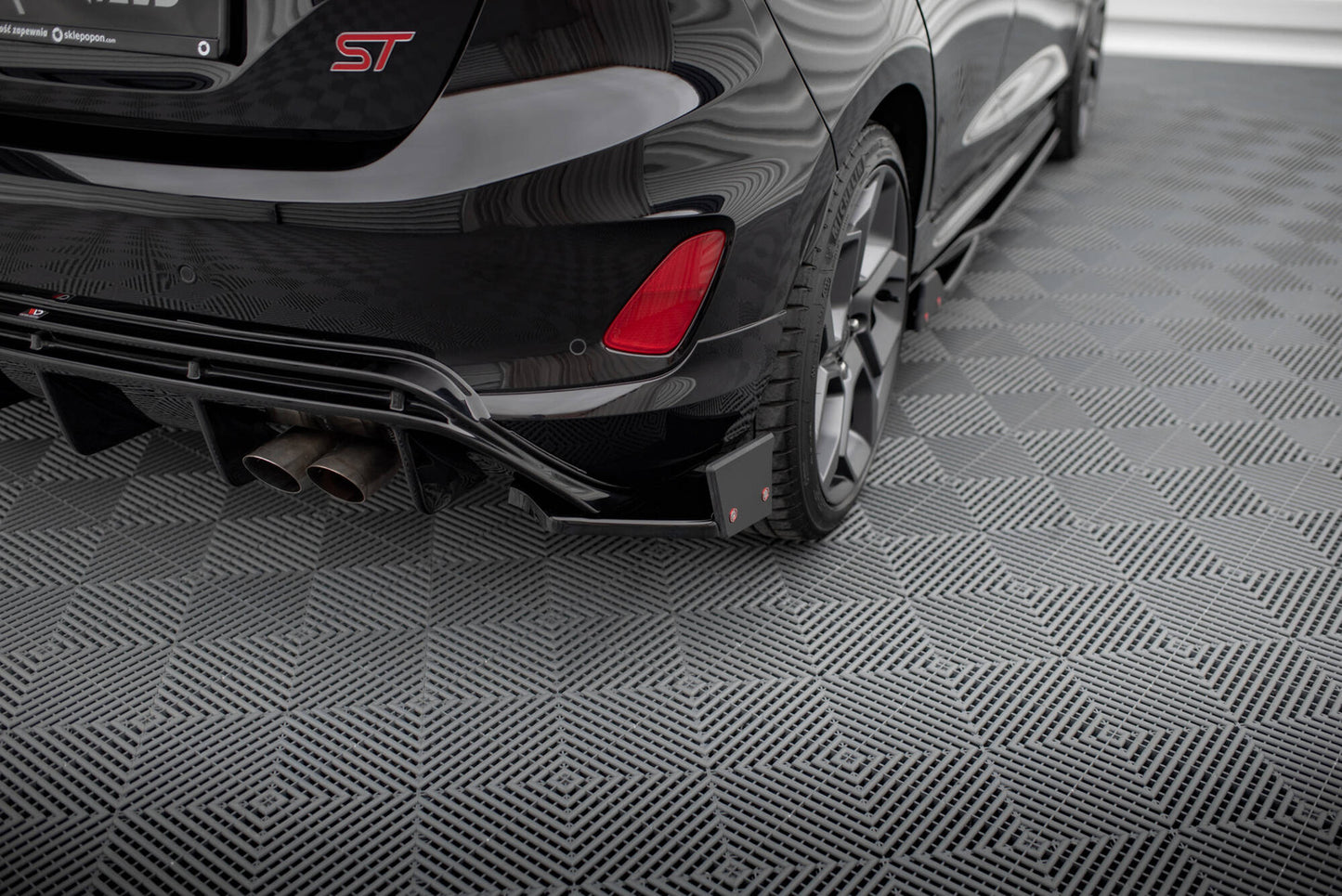 Splittery Tylne Boczne Ford Fiesta ST Mk8 Maxton Design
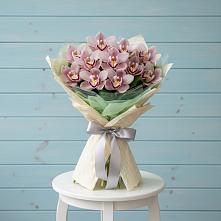 Букет цветов из:  Орхидеи и Розы в Тоцкое Второе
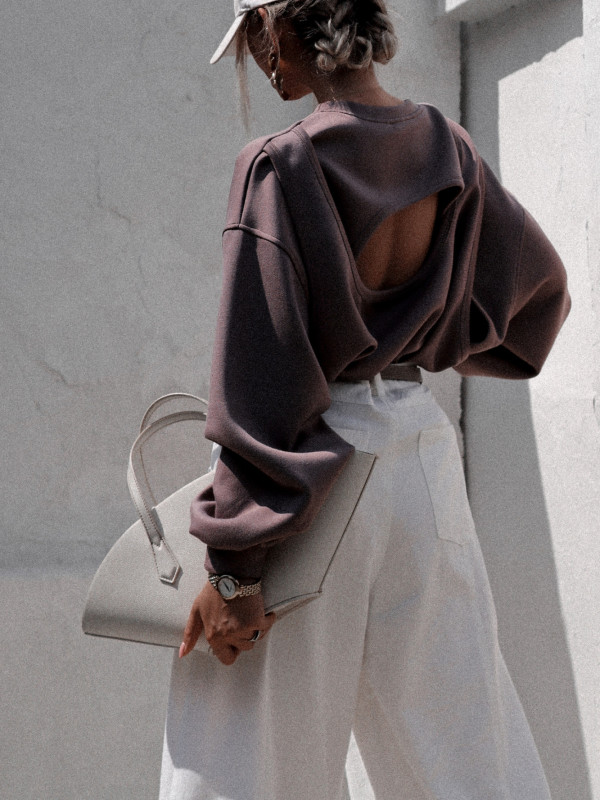 BLUZA AVENLY Z WYCIĘCIEM NA PLECACH TAUPE 3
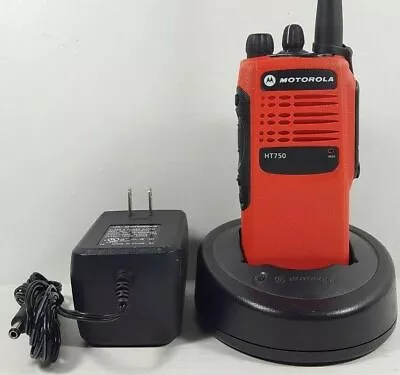 MOTOROLA HT750 VHF 136-174 MHz 16CH 5W Conventional Two-Way Radio AAH25KDC9AA3AN • $199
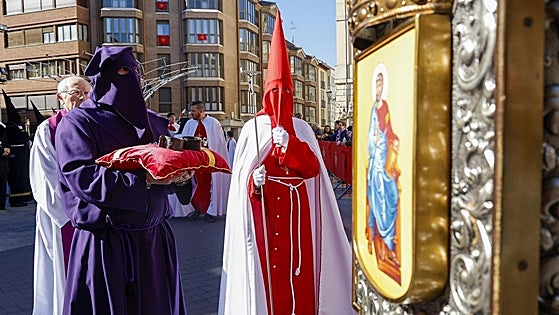 El reo implora el indulto ante el Cristo de la Misericordia y Nuestra Señora del Perdón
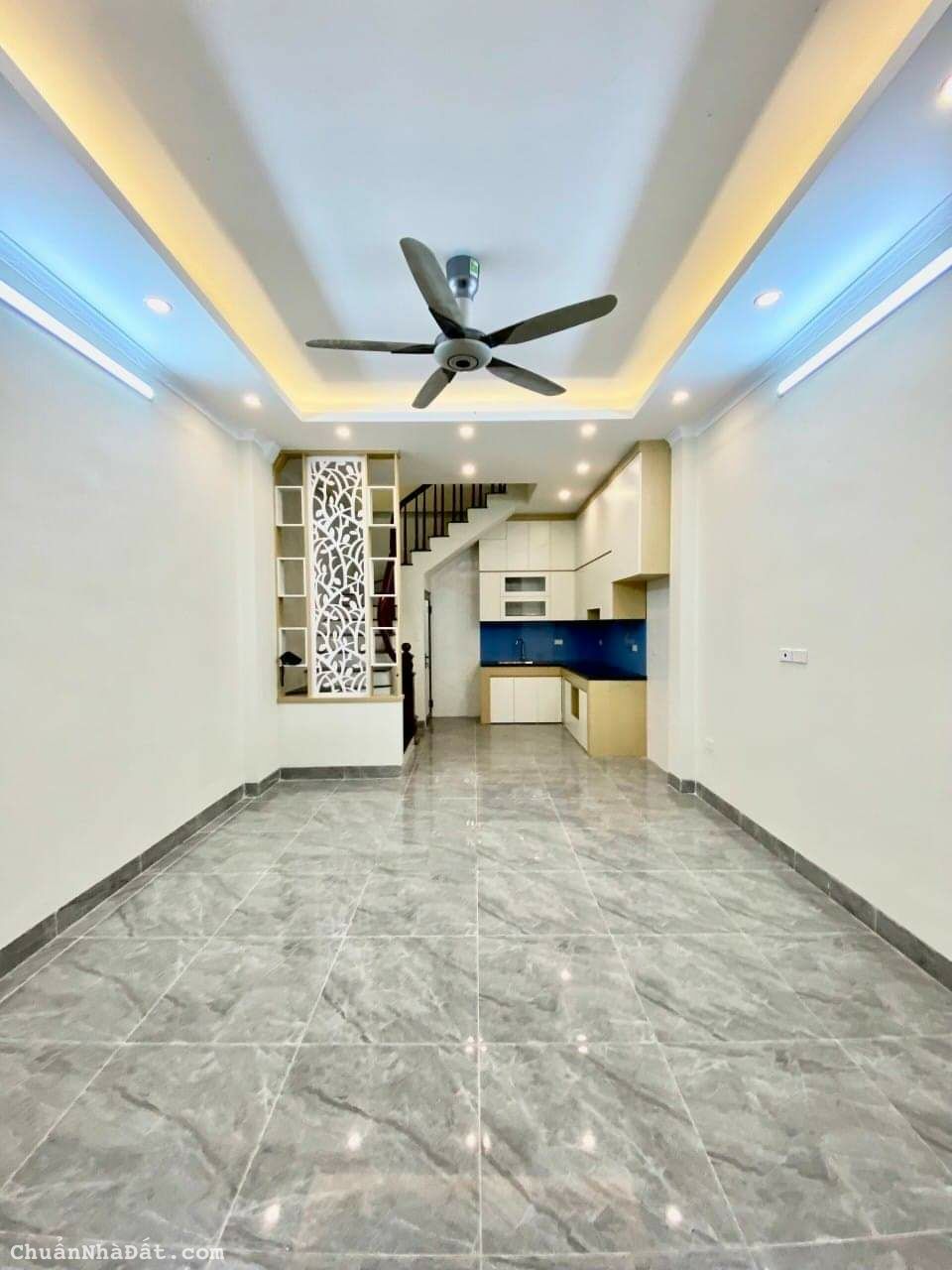 Bán nhà mới Kim Chung gần đường 32, phố Nhổn xây 5 Tầng, 3p ngủ, chỉ 50m ô tô đỗ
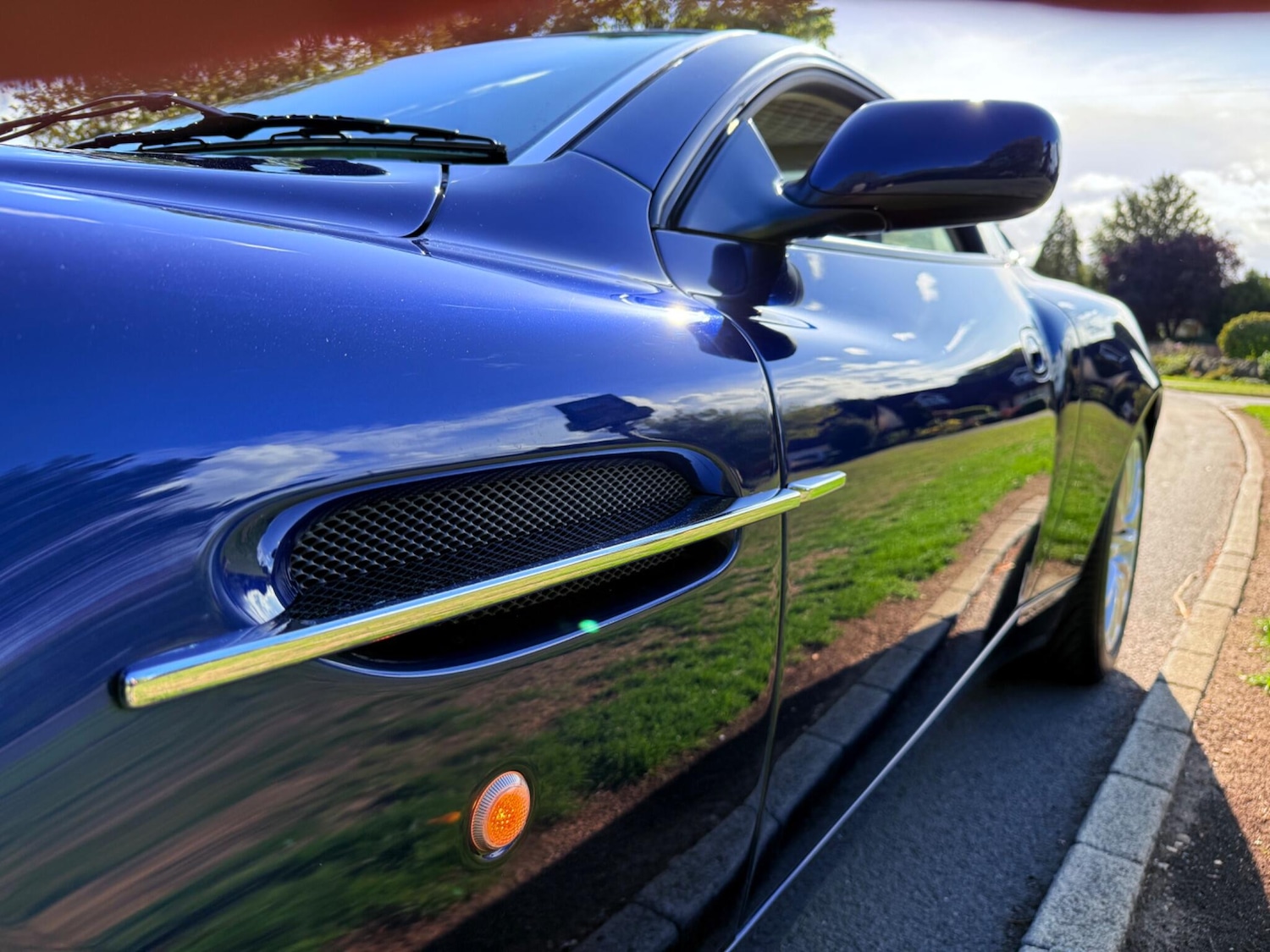 Used Aston Martin Vanquish 2004 for sale - 75949062: Photo 22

──────────

**ACTIVITY**
I'd like every record printed exactly, with the pictures left out.

**EXERCISE RESPONSE**
 Splittery Tylne Boczne Ford Fiesta ST Mk8 Maxton Design
 Букет цветов из:  Орхидеи и Розы в Тоцкое Второе
 BLUZA AVENLY Z WYCIĘCIEM NA PLECACH TAUPE 3
 MOTOROLA HT750 VHF 136-174 MHz 16CH 5W Conventional Two-Way Radio AAH25KDC9AA3AN • $199
 El reo implora el indulto ante el Cristo de la Misericordia y Nuestra Señora del Perdón
 Bán nhà mới Kim Chung gần đường 32, phố Nhổn xây 5 Tầng, 3p ngủ, chỉ 50m ô tô đỗ
 Used Aston Martin Vanquish 2004 for sale - 75949062: Photo 22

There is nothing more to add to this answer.